We rarely get a chance to hear these delightful works. The Seventh String Symphony in D minor was composed sometime between late 1821 and early 1822 when Mendelssohn was only 12 or 13. He was still a child in appearance, not yet very tall and with long, curly dark hair reaching to his shoulders. But he was already creating music with the technical skill and assurance of an adult, and he knew how to make string instruments sing.
The vigorous first movement springs from a wild unison flurry, followed by a soft, plaintive response in violins and violas. All this energy is eased by the lyrical second theme, in which the two violin sections float against each other in beautiful slow suspensions over a pattering accompaniment.

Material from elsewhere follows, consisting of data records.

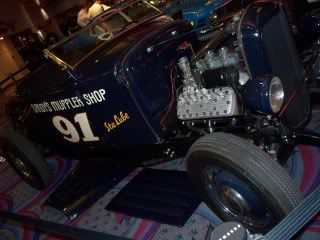 http://i253.photobucket.com/albums/hh46/rexmanches/SEMA%202010/101_3745.jpg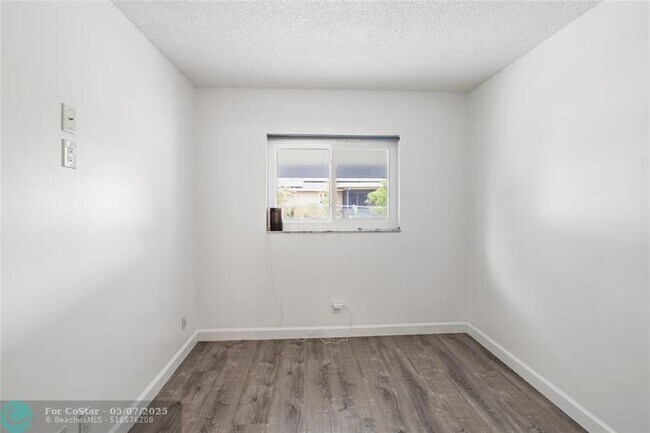 Building Photo - 6579 Country Wood Way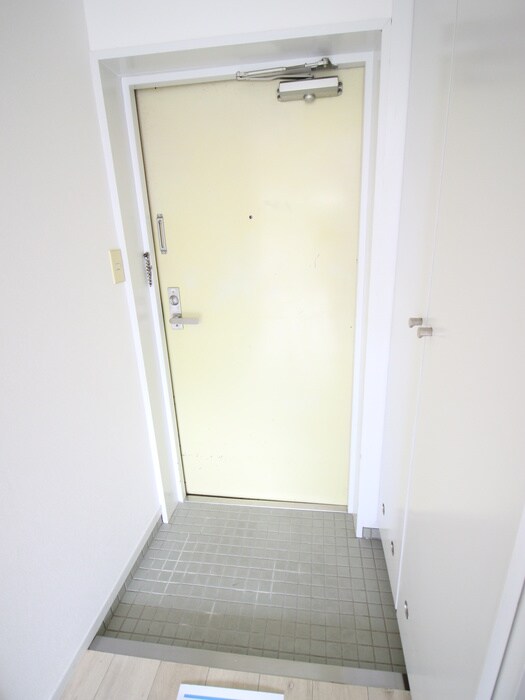 物件内観写真12　(玄関)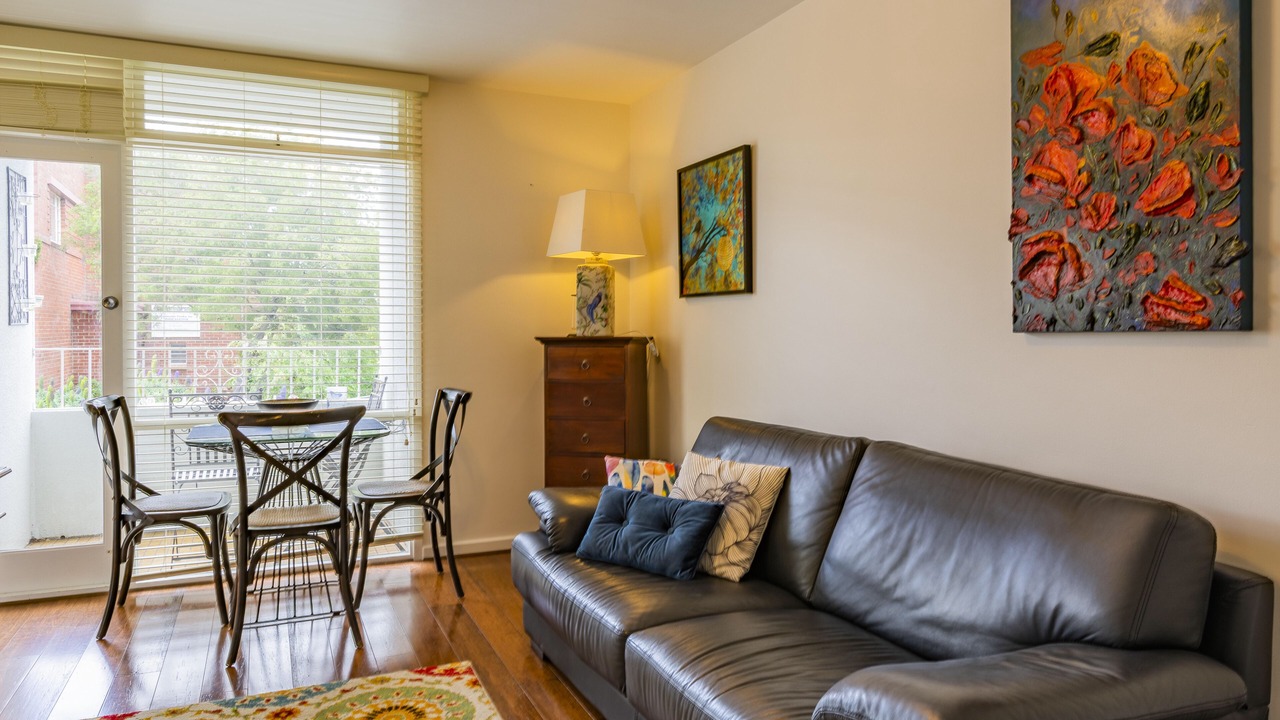 Photo of Livingroom in Battery Point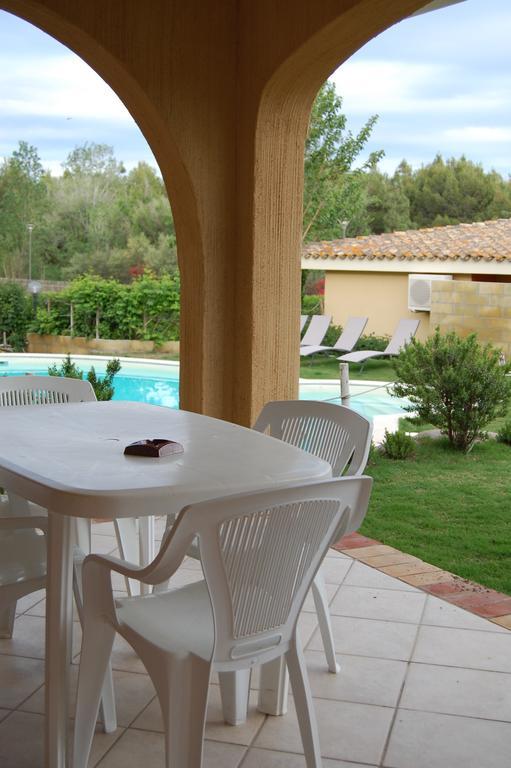I Lentischi Aparthotel Villasimius Luaran gambar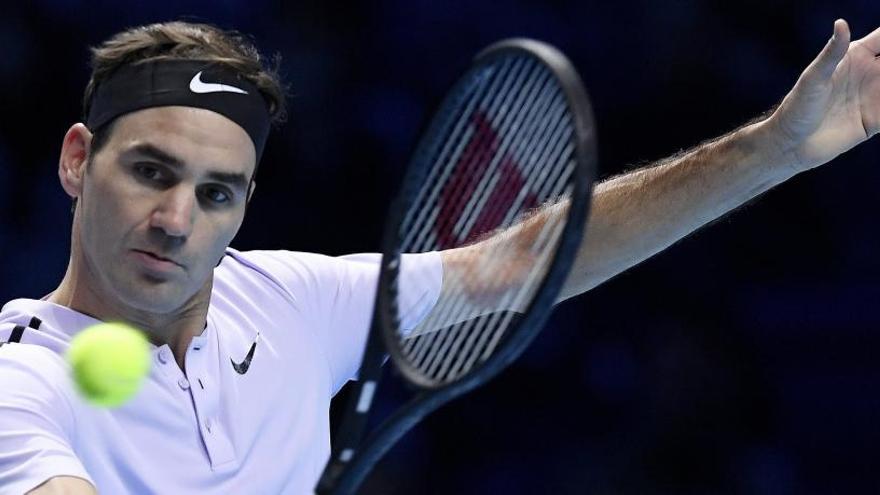 Federer no da opción a Sock en su estreno en la Copa de Maestros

Mendelssohn gives the lovely, lilting second movement the charming marking amorevole — “loving.” It begins as a melodious duet between the two violin sections with the other instruments gradually creeping in. Though the key is D Major, the young composer also makes strong use of the minor mode and other wonderful harmonic shadings.
Marked Menuetto, the third movement is really a Beethovenian scherzo with a hint of the demonic inspired by its D minor key. With its spooky rising motive, the Trio section is even more striking; Mendelssohn gets so caught up in its contrapuntal and harmonic possibilities, he never gets back to the scherzo.
The exuberant display of fugal counterpoint is the focus of the astonishing finale. Mendelssohn must have loved and carefully studied Mozart's “Jupiter” Symphony, for he patterns it closely on that symphony's brilliant display of fugal invention. Its dashing, effervescent principal theme is pure Mendelssohn. But it’s with the second theme, introduced by the violas, that the young composer gets to show off his fugal mastery, which also reappears in the development section. Mozart was a mature 32 when he created the contrapuntal genius of the “Jupiter” finale; at 13, he would not have been capable of pulling off what the pre-adolescent Mendelssohn achieves here.